Wednesday, May 6, 2009

Concept I: Opportunity Cost

Opportunity cost is the most important concept in economics - being the most fundamental.

Take any resource - land or natural resources.

The environmentalist would think of the rainforest or the ozone layer.

The Classical Economists do not allow you to take money because money is considered a "veil" which covers the real stuff. But the modern person would think of money as a resource - and herein lies his misery.

And I would add "time" - because without it, the game is over for life as we know it.

The idea behind the concept of the "opportunity cost" is that there is a cost to the opportunity for using that a particular quantity of the resource.

A particular quantity because if you have, say, a lump of coal and you burn it, then that lump of coal is no more.

You have used up the opportunity for using that lump of coal for some other purpose - such as for drawing - because you have used up the lump of coal for burning - in order to cook, for example.

Ah, you say, but there is more coal where it comes from, so there is nothing to worry about.

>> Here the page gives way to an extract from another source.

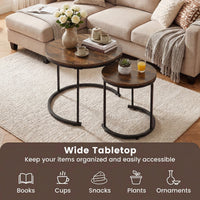 Giantex Set of 2 Compact Stacking Side Tables w/Wooden Tabletop & Powder-Coated Steel Frame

But the economist would say - given that you have the lump of coal now - however you are going to make use of that lump of coal, you are going to deprive yourself of the opportunity of using that lump of coal for some other purpose.

That some other purpose is the opportunity cost of burning that lump of coal.

Axiom:
If there are two uses A and B for a resource R, the opportunity cost of using R for A is B and the opportunity cost of using R for B is A.

Examples:

1. The opportunity cost of blogging is family bonding - because you are too intent on writing.

2. The opportunity cost of making money is living the life you want it - you may have been a good child to your parents by passing exams and getting a job and a family and have foregone your dream of being a blues guitarist or a cartoonist.

3. The opportunity cost of having ebony furniture is global warming - because you have caused old rainforest trees to be chopped down for exports.

4. The opportunity cost of living is the happiness you have dreamt of and never enjoyed - because you have followed a routine or a way of life which has been set by social convention or by the mainstream economic system that you do not appreciate.

In other words, there is a cost to everything you do.

So you have to make sure that the things you do are really the things you really want to do.

For society as a whole, the implications of opportunity cost are:

1. The opportunity cost of politicking is peace and harmony.

2. The opportunity cost of building the national car is industrial innovation which our young people are good at.

3. The opportunity cost of bailout is the macroeconomic adjustment in all major local markets.

4. The opportunity cost of consumerism is a simple and contented life - because of the time spent shopping for happiness rather than be happy with what we already have.

1 comment:

Anonymous said...

This is a very informational post. I particularly like the statement of the cost of consumerism.